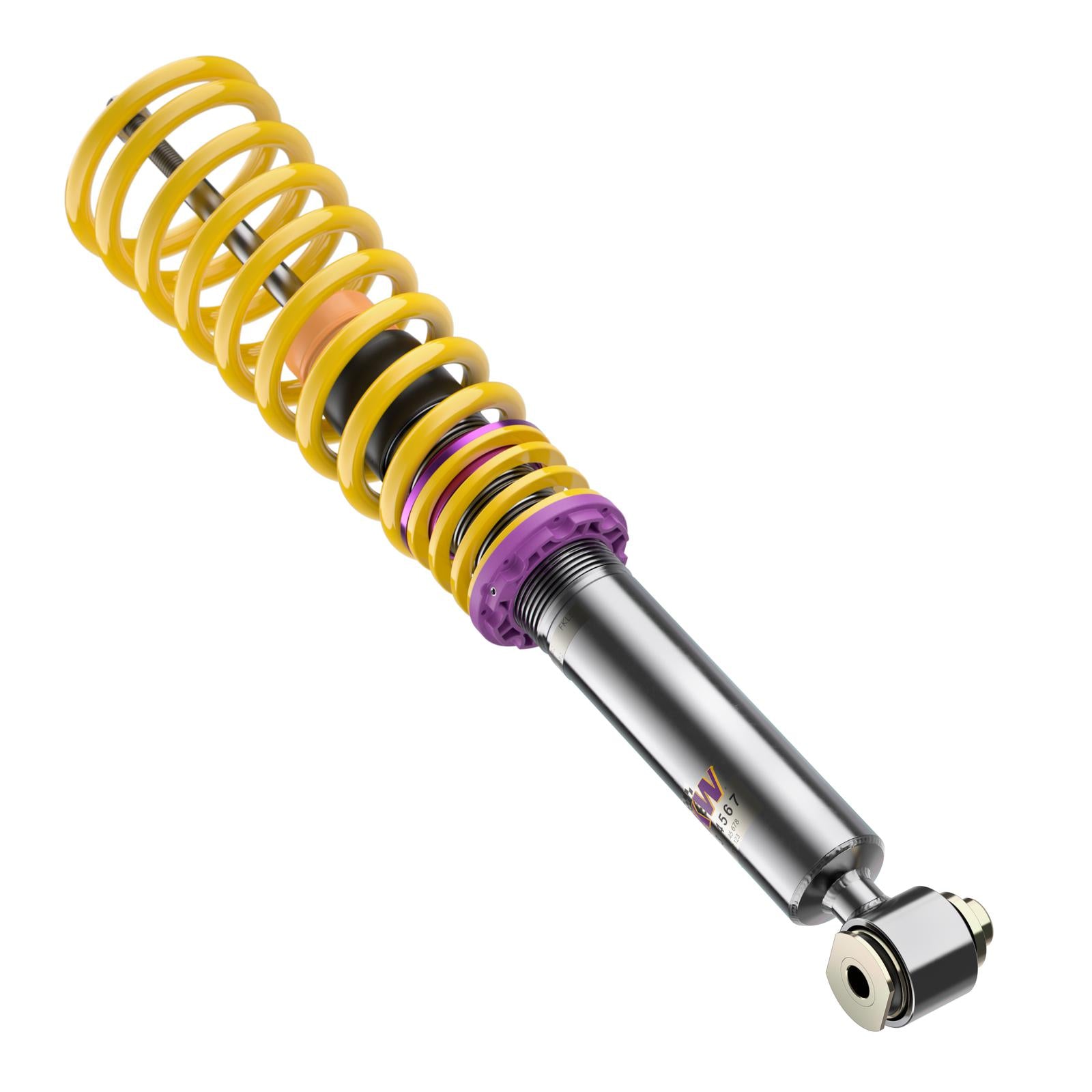 KW Coilover suspension V1 inox BMW 5 (E60) 12/2001-03/2010 (10220005)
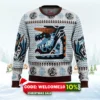 gogmazios monster hunter ugly christmas sweater 1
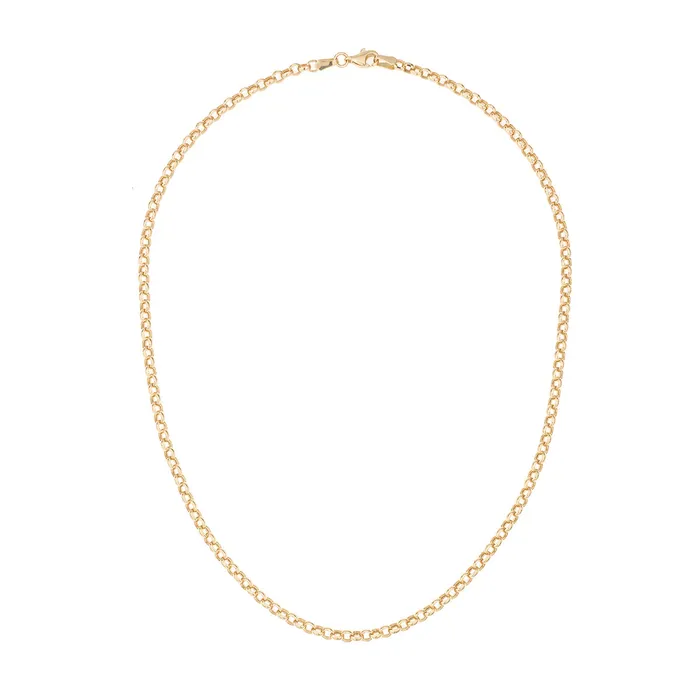 Necklaces Adina Reyter Finished Small Rolo chain Necklaces Adina Reyter Finished Small Rolo chain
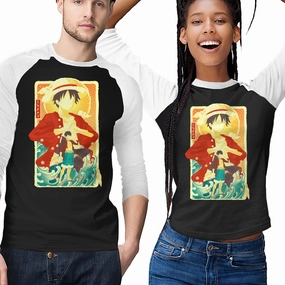casual outing All-Purpose Comfort Great Wave Luffy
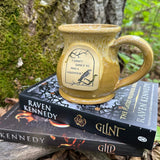 Plated Prisoner Stoneware Mug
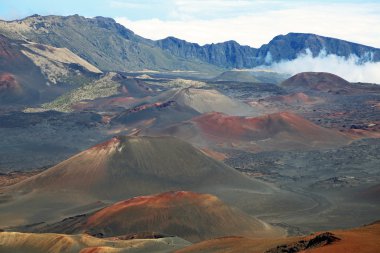 Volkanik kül koniler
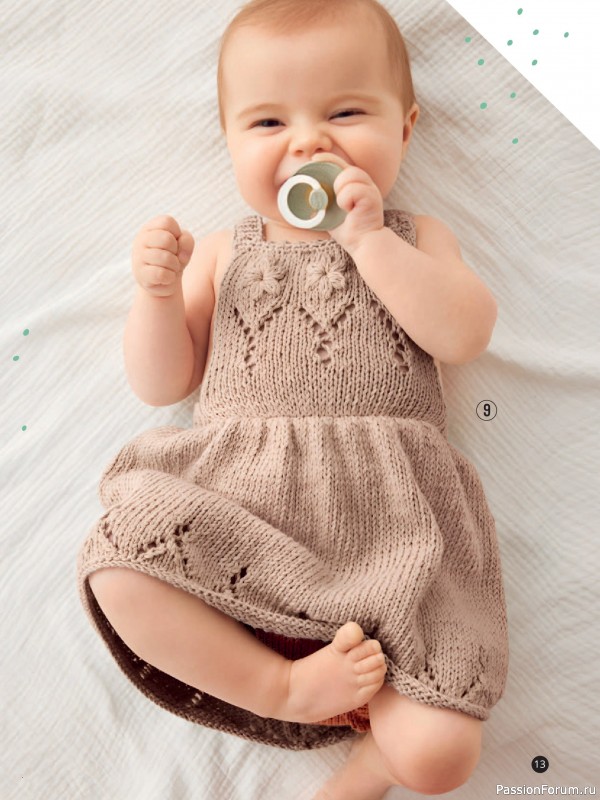 Вязаные модели для детей в журнале &laquo;Baby Maschenmode №70 2026&raquo;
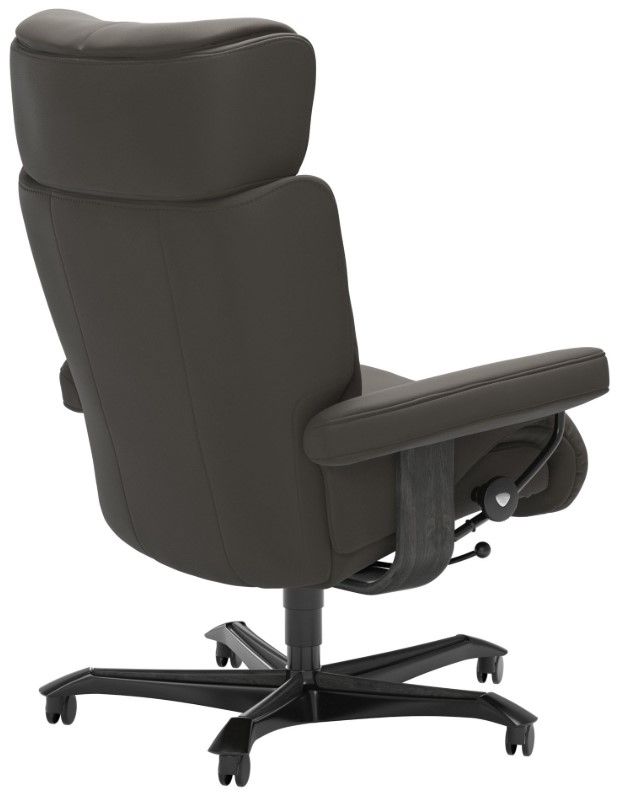 Stressless® by Ekornes® Customizable Magic Medium Office Chair-3
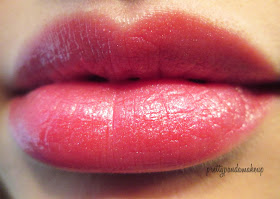 Rimmel Show Off Lip Lacquer in Out of This World Swatches and Review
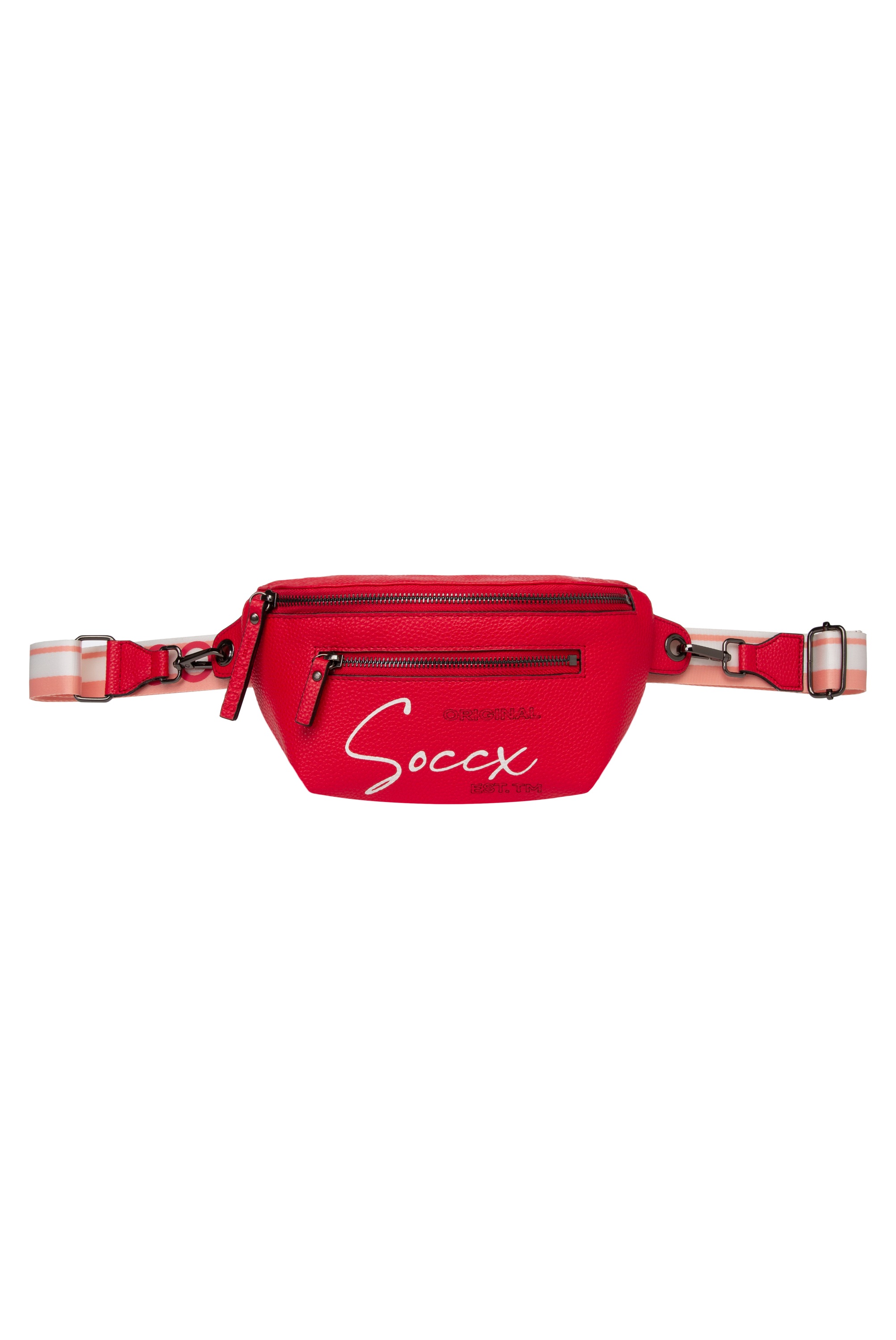 SOCCX Gürteltasche, mit kleinem Vorfach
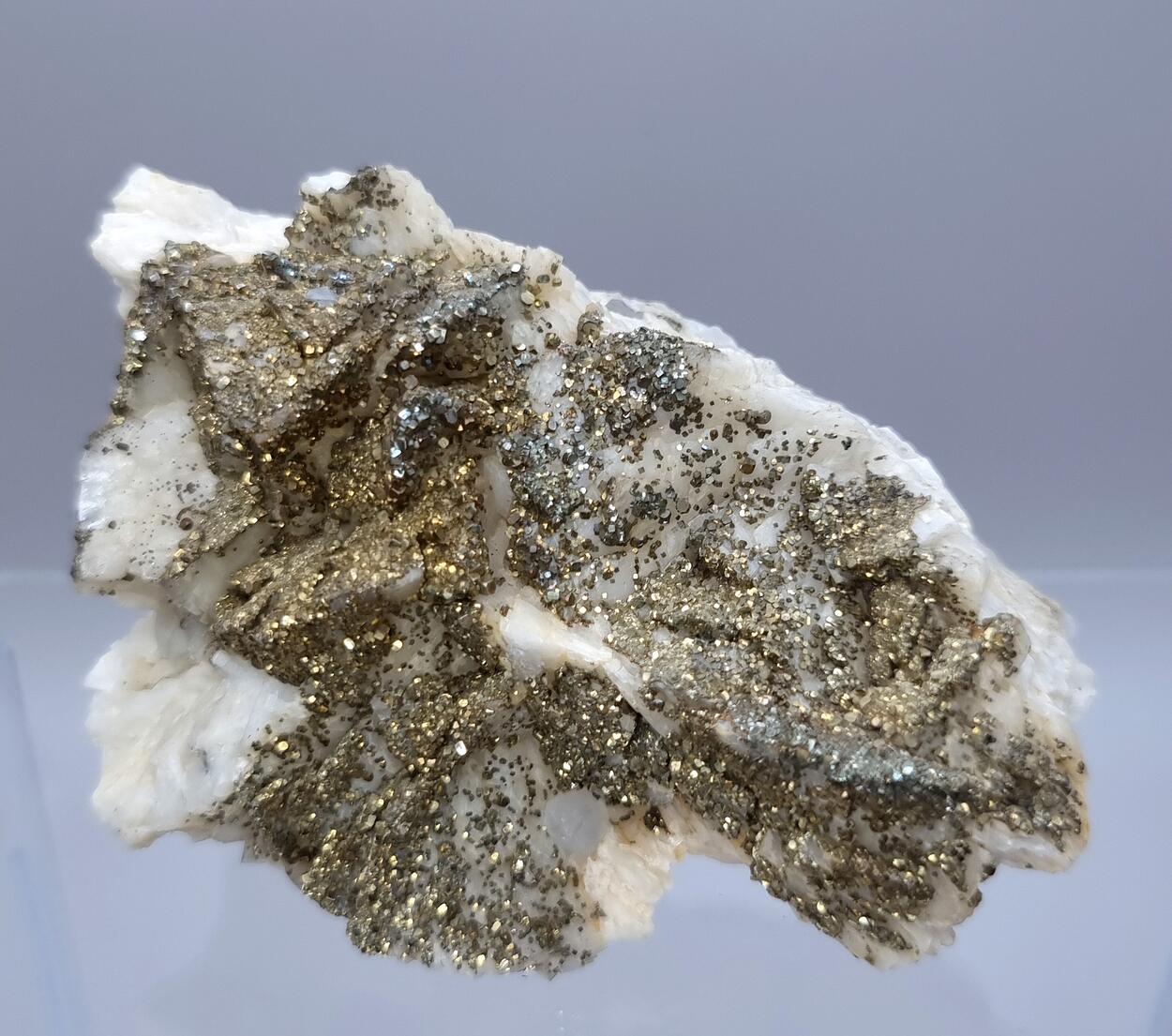 Pyrite & Dolomite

- - - - - - -

__What needs to be done__
An exact copy is needed of the lines running from the one containing "Rimmel Show Off" through the last line of the material, and of no others; pictures stay out.

__Exercise result__
 Rimmel Show Off Lip Lacquer in Out of This World Swatches and Review
 SOCCX Gürteltasche, mit kleinem Vorfach
 Pyrite & Dolomite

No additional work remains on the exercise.